PROBLEM REQUIREMENTS: In the entries below, find the line containing "We're looking at" and the line containing "Cons English Book". Copy those two lines and everything between them exactly, without the pictures.

------------------------

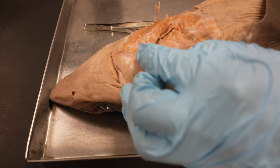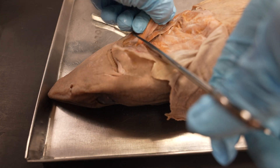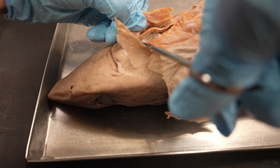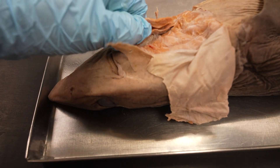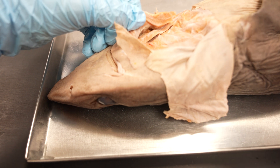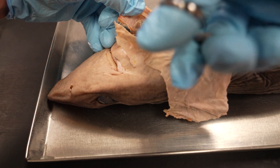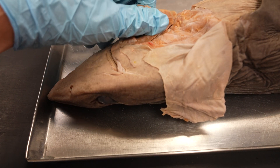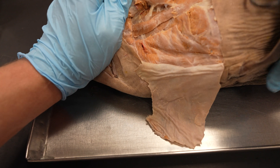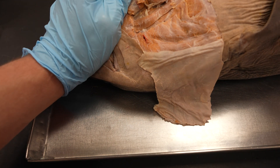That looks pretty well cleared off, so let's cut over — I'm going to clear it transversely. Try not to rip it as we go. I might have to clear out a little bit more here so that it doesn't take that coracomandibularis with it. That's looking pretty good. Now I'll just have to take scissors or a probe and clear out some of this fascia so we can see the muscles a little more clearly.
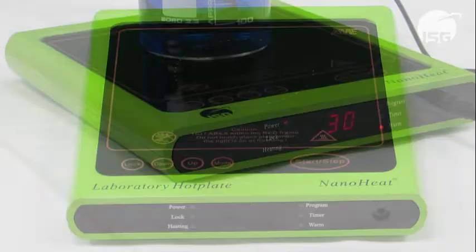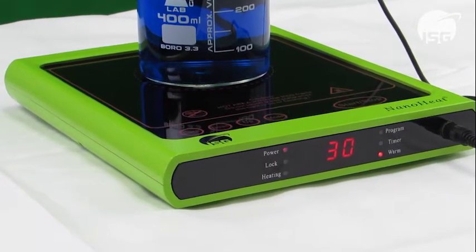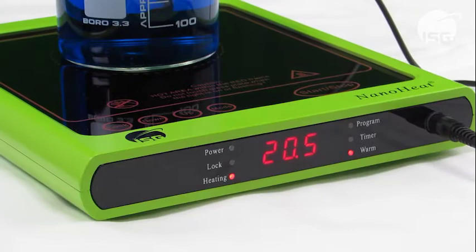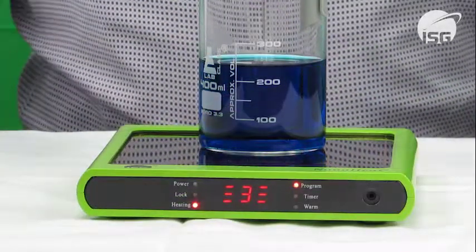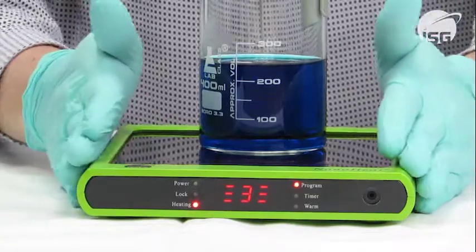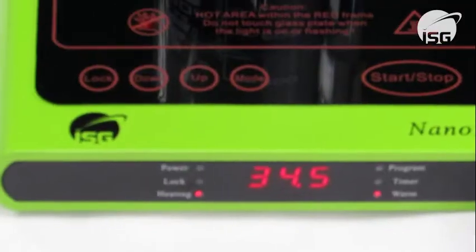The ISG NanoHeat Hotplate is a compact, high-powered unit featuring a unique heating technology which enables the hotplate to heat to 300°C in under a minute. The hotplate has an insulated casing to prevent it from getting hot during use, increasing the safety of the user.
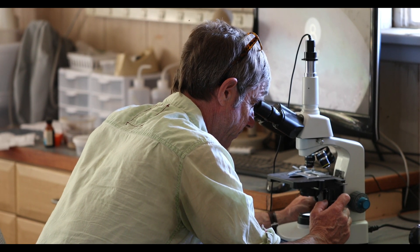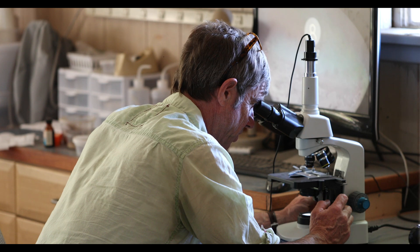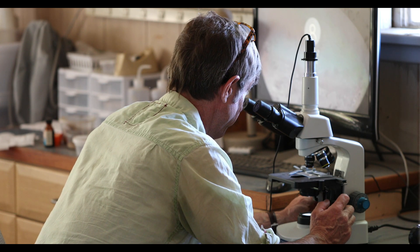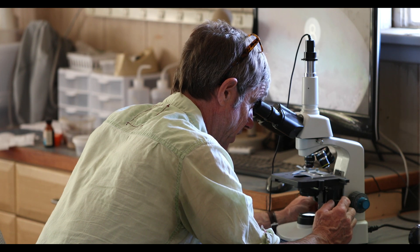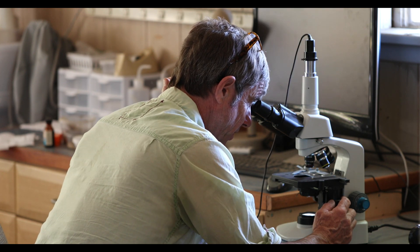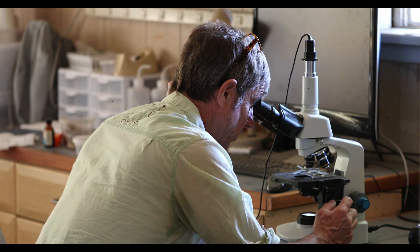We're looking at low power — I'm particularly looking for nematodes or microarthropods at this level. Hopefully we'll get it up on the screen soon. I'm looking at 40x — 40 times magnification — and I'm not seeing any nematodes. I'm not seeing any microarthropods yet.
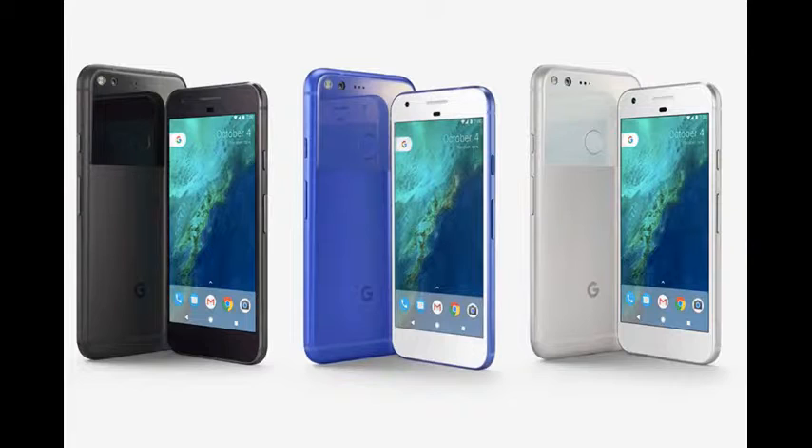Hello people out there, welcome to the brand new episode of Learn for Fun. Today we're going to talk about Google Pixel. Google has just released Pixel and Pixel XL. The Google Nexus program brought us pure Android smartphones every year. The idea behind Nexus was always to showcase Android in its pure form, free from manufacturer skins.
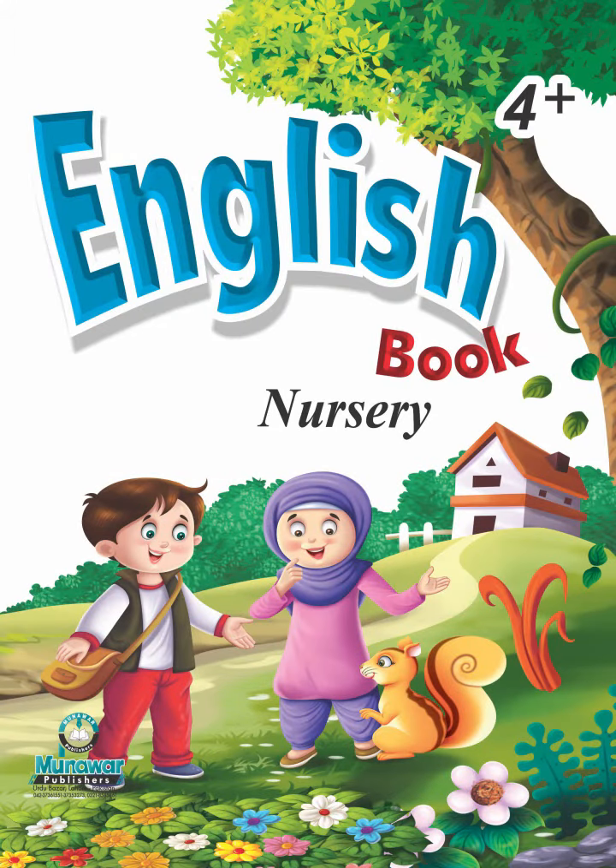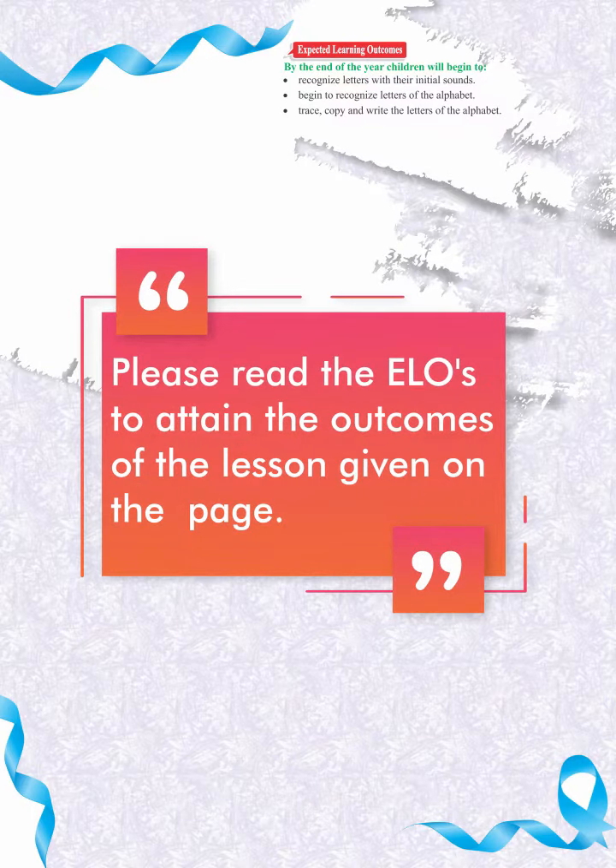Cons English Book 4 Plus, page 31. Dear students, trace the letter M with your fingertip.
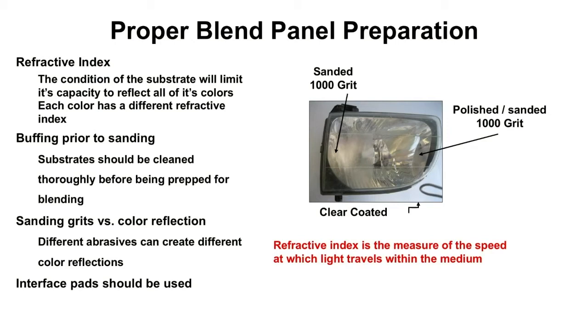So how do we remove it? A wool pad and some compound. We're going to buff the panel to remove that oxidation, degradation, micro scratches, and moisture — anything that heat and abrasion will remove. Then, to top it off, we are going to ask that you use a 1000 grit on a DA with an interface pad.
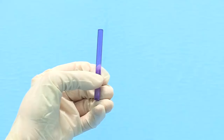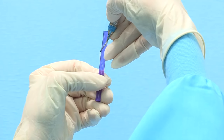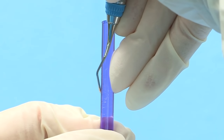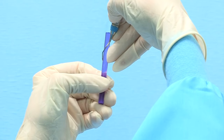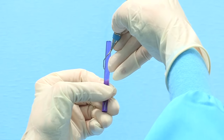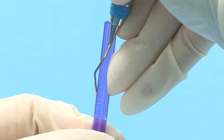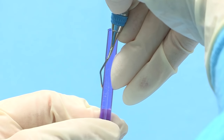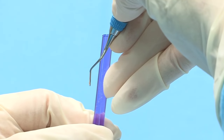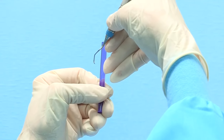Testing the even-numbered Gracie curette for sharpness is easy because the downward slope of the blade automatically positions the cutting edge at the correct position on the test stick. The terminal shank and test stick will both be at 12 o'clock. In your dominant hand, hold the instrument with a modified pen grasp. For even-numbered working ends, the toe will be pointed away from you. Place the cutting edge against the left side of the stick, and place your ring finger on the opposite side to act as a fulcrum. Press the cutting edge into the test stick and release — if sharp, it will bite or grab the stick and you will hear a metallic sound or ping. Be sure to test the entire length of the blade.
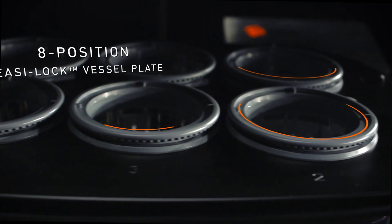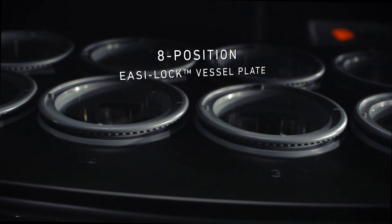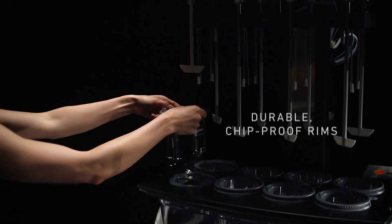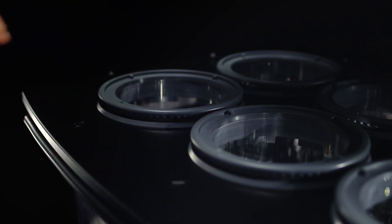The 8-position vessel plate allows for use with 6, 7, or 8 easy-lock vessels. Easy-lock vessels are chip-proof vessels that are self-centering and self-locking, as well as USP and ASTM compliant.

------------------------

ANSWER:
We're looking at low power — I'm particularly looking for nematodes or microarthropods at this level. Hopefully we'll get it up on the screen soon. I'm looking at 40x — 40 times magnification — and I'm not seeing any nematodes. I'm not seeing any microarthropods yet.
Hello people out there, welcome to the brand new episode of Learn for Fun. Today we're going to talk about Google Pixel. Google has just released Pixel and Pixel XL. The Google Nexus program brought us pure Android smartphones every year. The idea behind Nexus was always to showcase Android in its pure form, free from manufacturer skins.
Cons English Book 4 Plus, page 31. Dear students, trace the letter M with your fingertip.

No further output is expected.